It lacks action, but that's not necessarily a bad thing. Something major doesn't have to be happening every other page for a story to be engaging and interesting. I, for one, enjoyed learning about Lucas's history (although you may want to proofread it, because some bits were confusing - you mention a Benjamin, who I assumed was meant to be Matthew, but if it wasn't a typo, then I'm really confused). You didn't go on and on, but you gave me enough information to really begin to understand the character, and to begin liking him (oh yes, a very nifty guy indeed). It was engaging and informative, and well written.

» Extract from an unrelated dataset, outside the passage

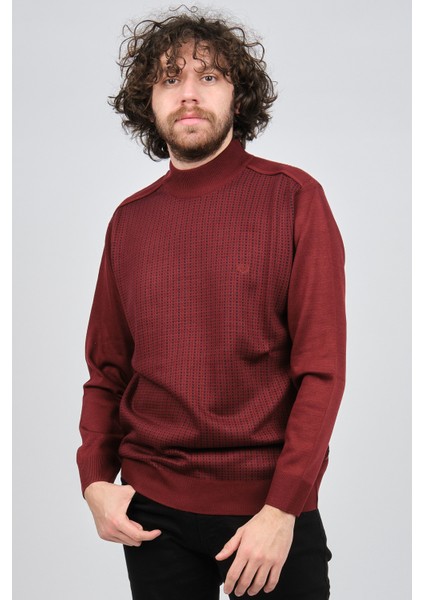 Erkek Desenli Yarım Balıkçı Yün Kazak 1578717 Kırmızı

Now, give me more! Quiero más!

~Christian

EDIT: For the sake of being well-rounded, I have to add some criticism. The grammar in parts is rough. Polish it (like lin said).
Thanks, I'm glad someone who likes vampires also likes Lucas. I do love the concept of vampires but find that most of the fiction unappealing, so with Lucas I wanted to tell a story that was a little different from the typical stuff a dhampir goes through (agnst, revenge, being Blade, ect). I was worried that Lucas would be too radical for the genre because, deep down, he is basicly Joe Everyman. At least that's what I was going for.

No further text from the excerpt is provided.